▸ **INFORMATION PROVIDED**:
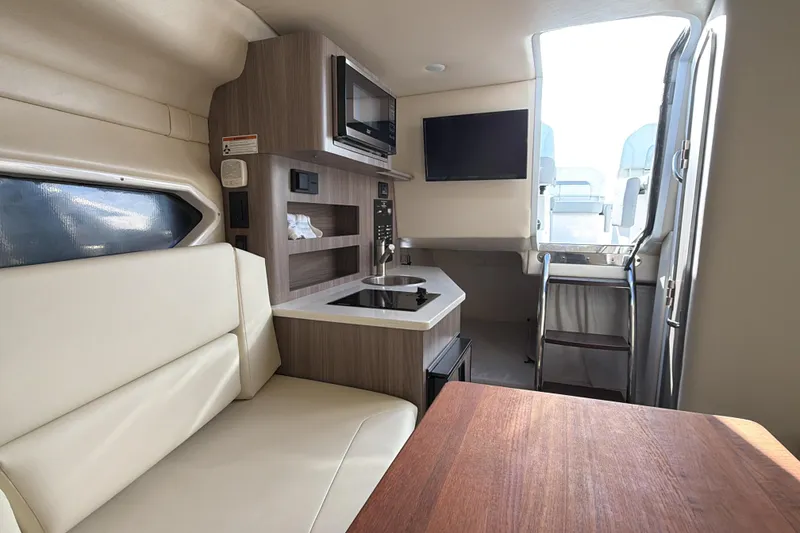 Slide: The Image of 2022 Regal 26 XO boat interior with kitchenette, seating, and ladder access. - 26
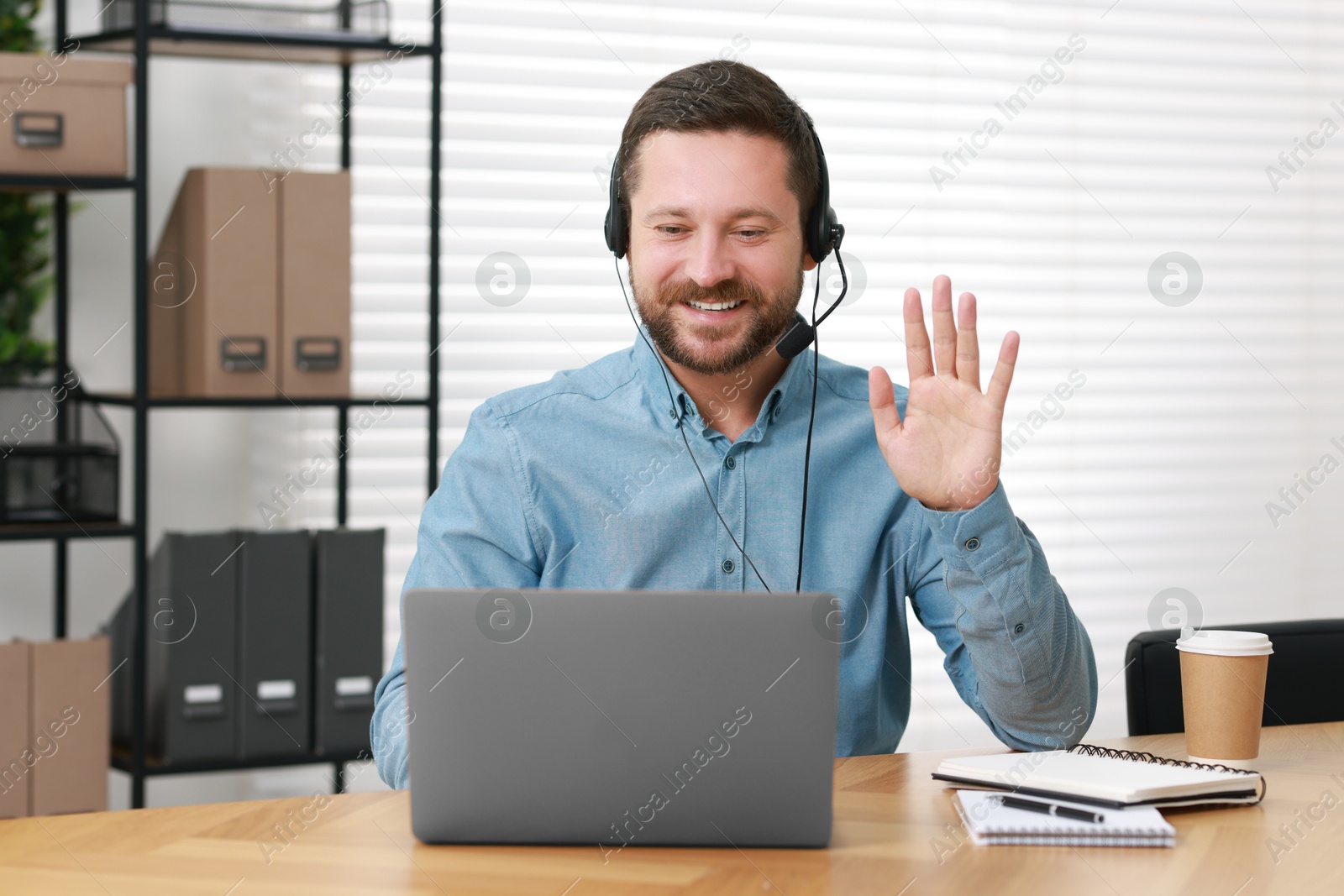 Photo of Interpreter in headset having video chat via laptop at wooden table indoors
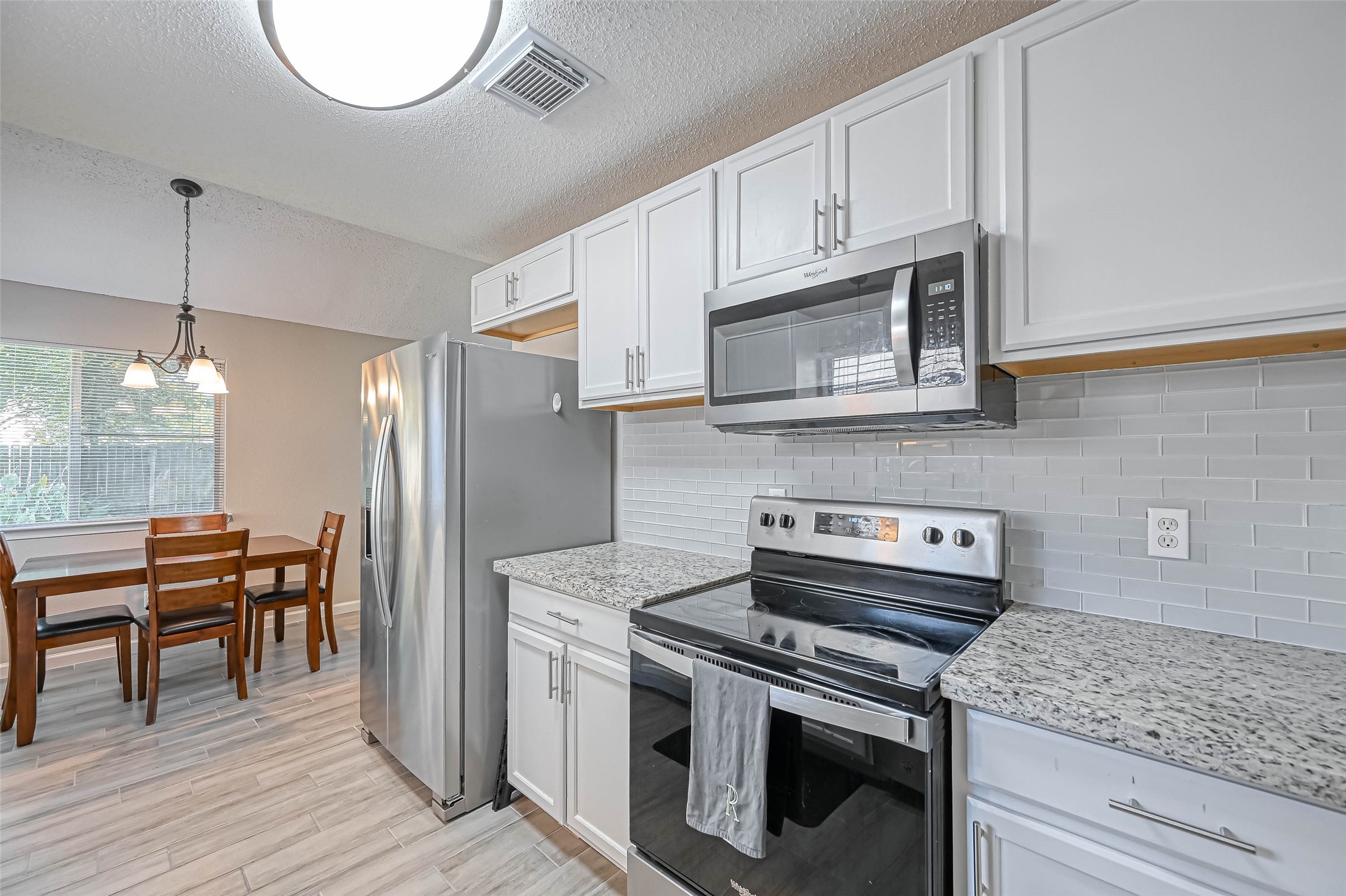 22622 John Rolfe Lane Katy, TX 77449 - Photo 9 of 21 a kitchen with stainless steel appliances granite countertop a stove microwave and cabinets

▸ **ASSIGNMENT**: Once the pictures are set aside, repeat the data above exactly as written.

▸ **COMPLETED TASK**:
 Slide: The Image of 2022 Regal 26 XO boat interior with kitchenette, seating, and ladder access. - 26
 Photo of Interpreter in headset having video chat via laptop at wooden table indoors
 22622 John Rolfe Lane Katy, TX 77449 - Photo 9 of 21 a kitchen with stainless steel appliances granite countertop a stove microwave and cabinets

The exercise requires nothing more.